The Michael Wilde regime were aware that ‘distress disposals’ – ie, selling star players – was inevitable if outside investment was not brought in to the club.

Rupert Lowe has claimed the club had money in the bank when he and his board supporters resigned in June that year.

The Wilde regime spent almost £6m in a matter of weeks bringing in new players to boost manager George Burley’s squad.

But that spree only put the club into extra debt they could not afford without fresh investment.

The Echo understands that the club’s PLC board were told on September 1 2006 that the financial situation was grim.

Chief executive Jim Hone’s report to the board made it clear investment was crucial otherwise staff redundacies were inevitable as well.

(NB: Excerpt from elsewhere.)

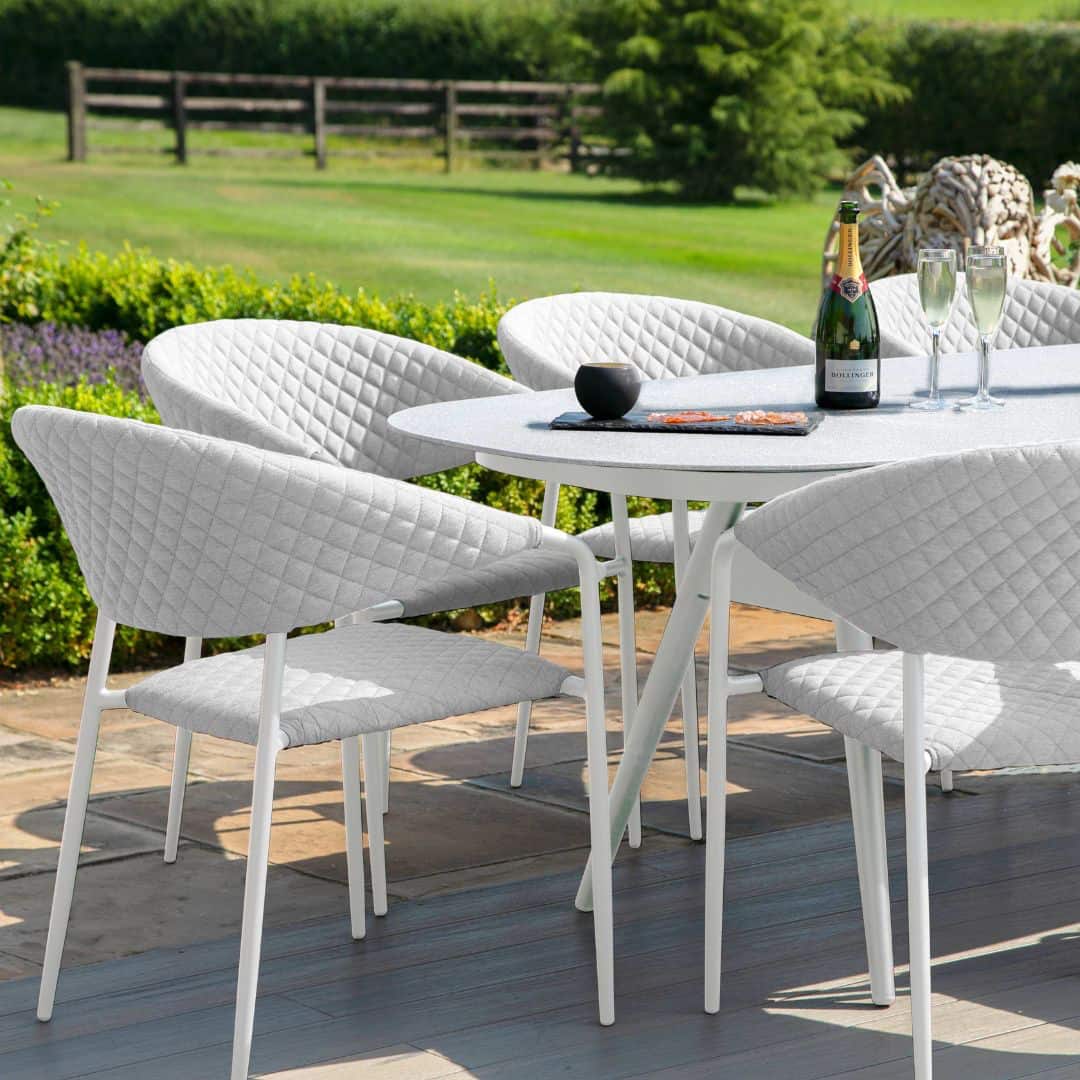 Fabric 8 seat oval dining set with quilted chairs #colour_lead chine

Sadly, the investment was never forthcoming and the ‘distress disposals’ duly happened.

Gareth Bale was sold in May 2007 for a downpayment of £5m to Spurs while Chris Baird and Kenywne Jones went for around £9m a few months later.

Hone’s report to the PLC board stated: “The company is presently being directed and controlled on the basis of:- ● Faith in assurances* given to the board that a ‘substantial’ level of new funding will be raised and made available to the company in the early course of the current financial year.

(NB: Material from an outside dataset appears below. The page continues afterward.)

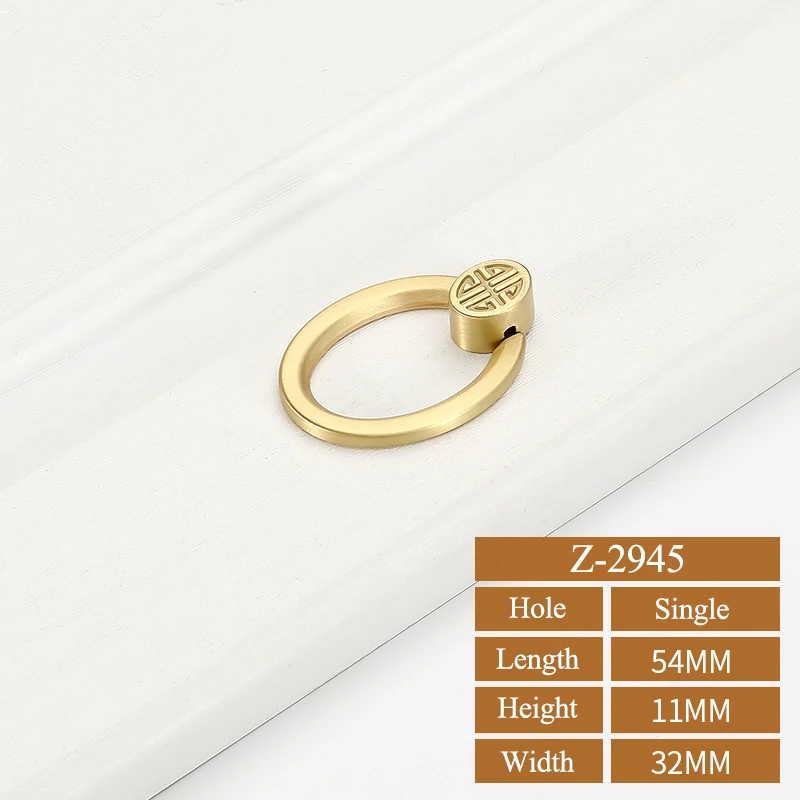 Z-2945-Single Hole Ручки и ручки для шкафа из цинкового сплава в винтажном стиле, ручки для шкафа, ручки для мебели с золотым выдвижным ящиком - Цвет: Z-2945-Single Hole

* Such assurances have been given by certain SLH Plc directors who have intimated to the board that they are ready and willing to commit monies to the company and/or reported to the board that they are in dialogue with external parties who are ready and willing to commit monies to the company.

● Hope that the club will win promotion into the FA Premier League (FAPL) during the course of this season.

‘In the event that substantial new funding does not materialise by May 2007 then (in the absence of a commensurate increase in the Company’s borrowing capacity), failure to win promotion into the FAPL will necessitate ‘distress disposals’ of valuable player assets for sums below true market value together with a massive reduction in labour and overhead costs, largely facilitated by staff redundancies.

‘In view of the directors’ obligations to shareholders and other stakeholders, it is not a practical proposition for the board to continue to direct and control the operations of the business on the basis described above.”

Michael Wilde was initially responsible for bringing in the much needed new investment.

Though Wilde had never publicly promised to bring in such investment, there were certainly heavy hints that he would be.

And the executive directors – Jim Hone, Lee Hoos and Ken Dulieu – would never have accepted jobs at St Mary’s if they had known Wilde would not be bringing in any investment.

There was increasing discontent among the executive directors as the months passed without any sign of investment.

Non executive directors such as Leon Crouch were also furious that no investment was forthcoming.

The end result was Wilde being voted off the PLC board in February 2007 and Hone and PLC chairman Ken Dulieu taking over the search for new investment.